(EXERCISE DATA Opens)

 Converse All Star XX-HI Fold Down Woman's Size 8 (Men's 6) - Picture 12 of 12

(EXERCISE DATA Closes)
(EXERCISE DATA Opens)

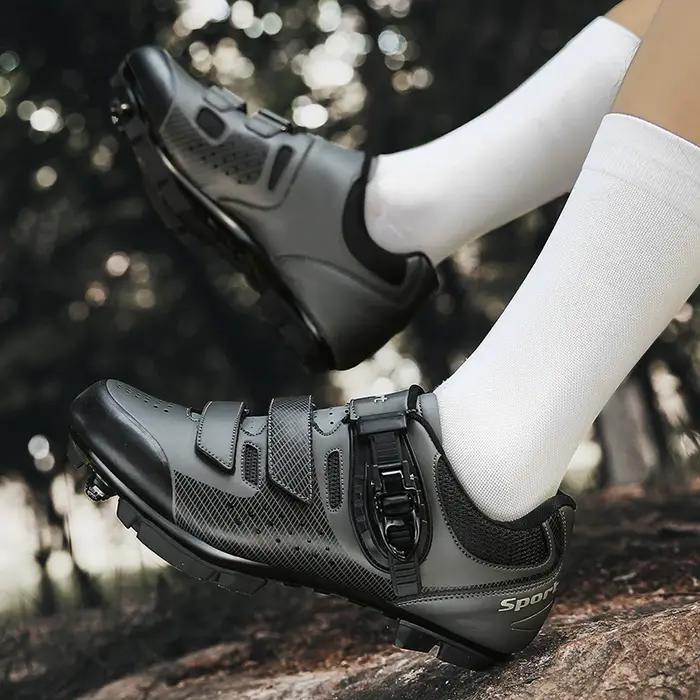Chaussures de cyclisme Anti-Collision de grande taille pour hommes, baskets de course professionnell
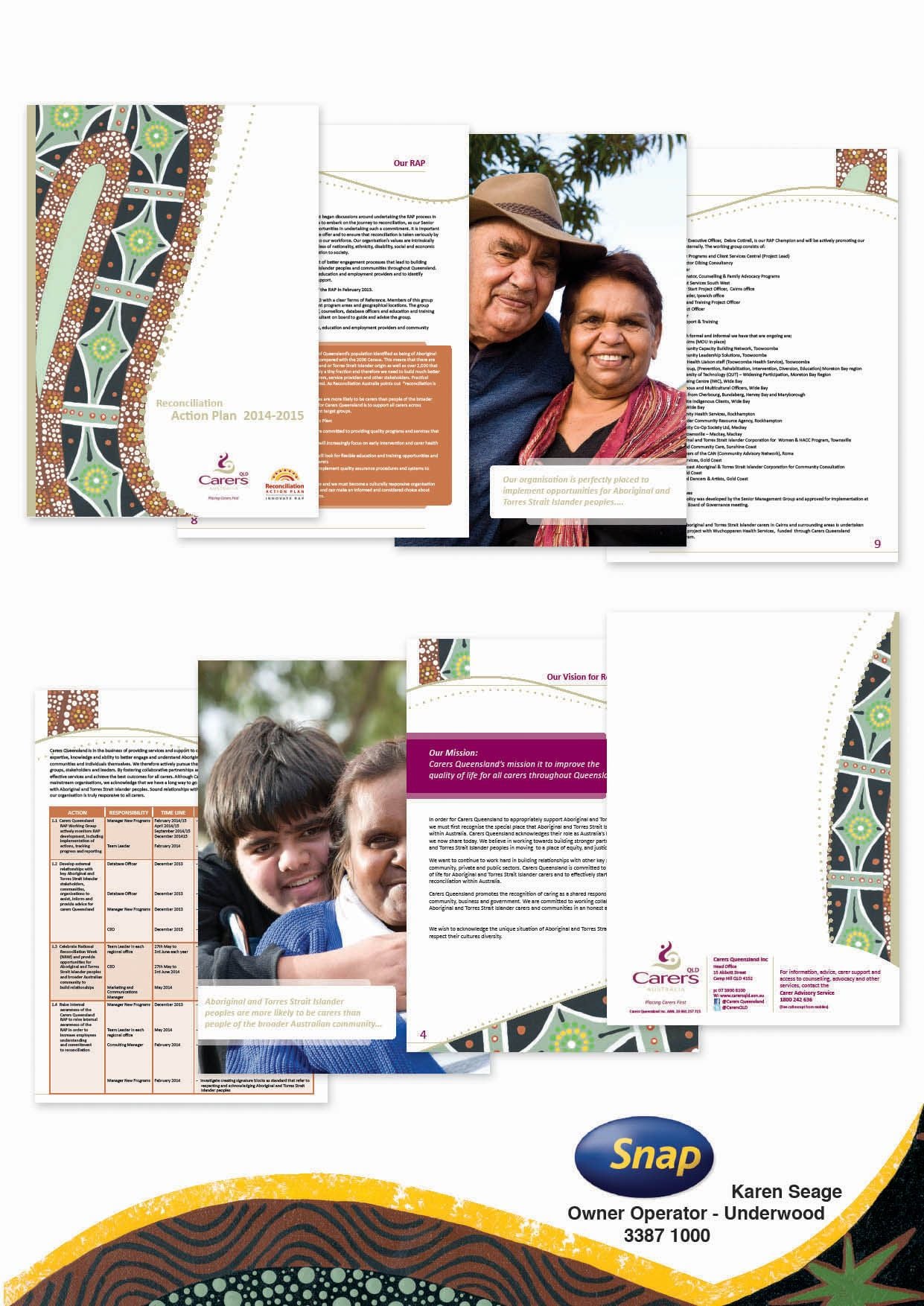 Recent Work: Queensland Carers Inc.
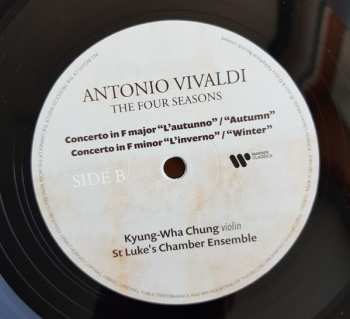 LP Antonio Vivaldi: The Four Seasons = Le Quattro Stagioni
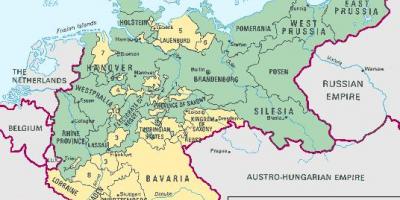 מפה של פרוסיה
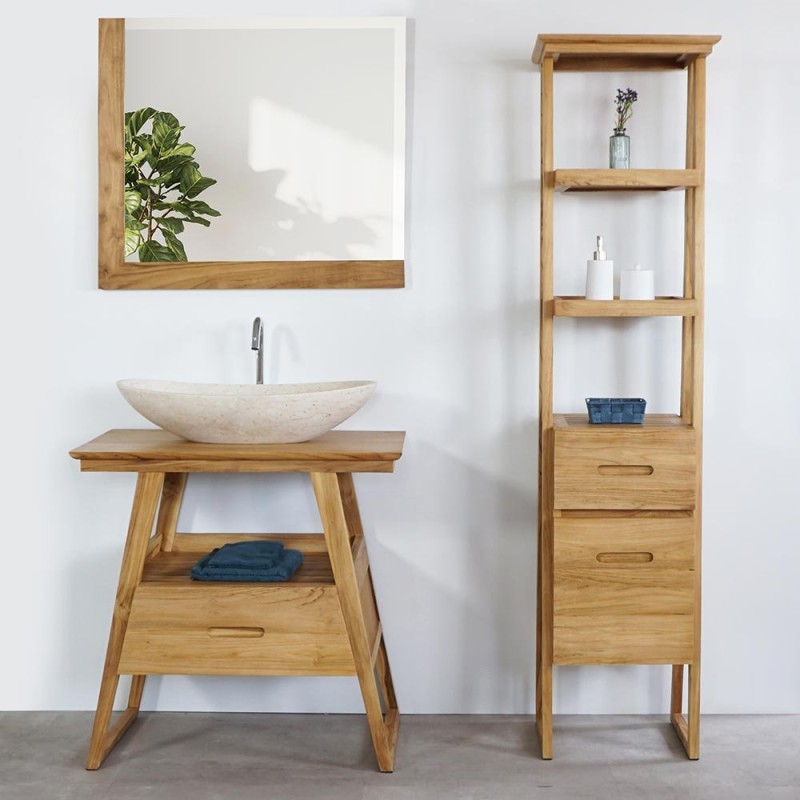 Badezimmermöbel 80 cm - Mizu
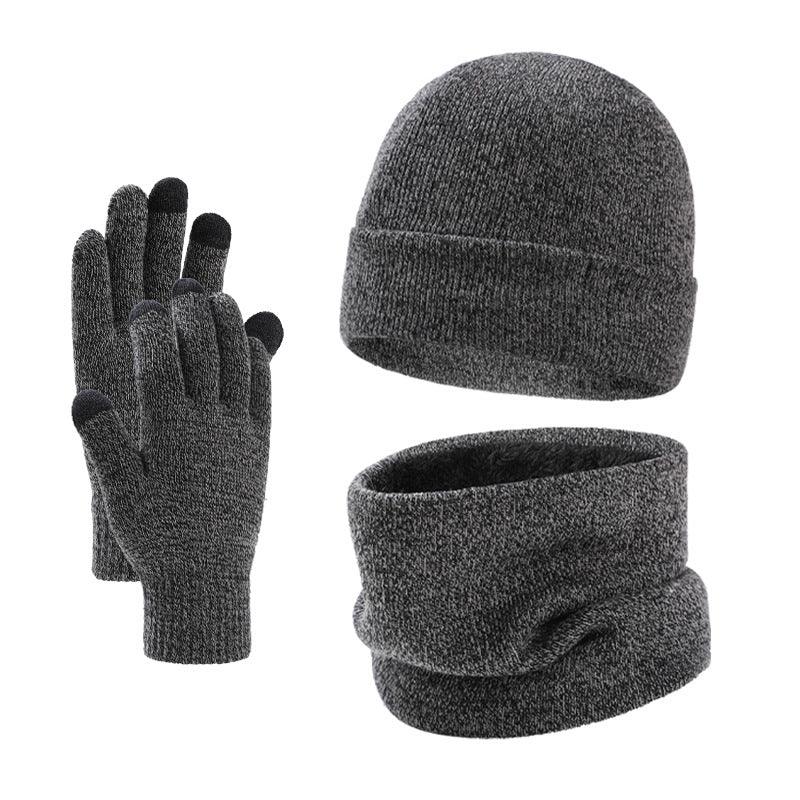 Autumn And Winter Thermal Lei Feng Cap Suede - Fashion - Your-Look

(EXERCISE DATA Closes)

In the entries above, find the line that contains "Recent Work: Queensland Carers Inc." and the line that contains "Autumn And Winter". Reproduce exactly those two lines and every line between them, but not the pictures.

### COMPLETED EXERCISE
 Recent Work: Queensland Carers Inc.
 LP Antonio Vivaldi: The Four Seasons = Le Quattro Stagioni
 מפה של פרוסיה
 Badezimmermöbel 80 cm - Mizu
 Autumn And Winter Thermal Lei Feng Cap Suede - Fashion - Your-Look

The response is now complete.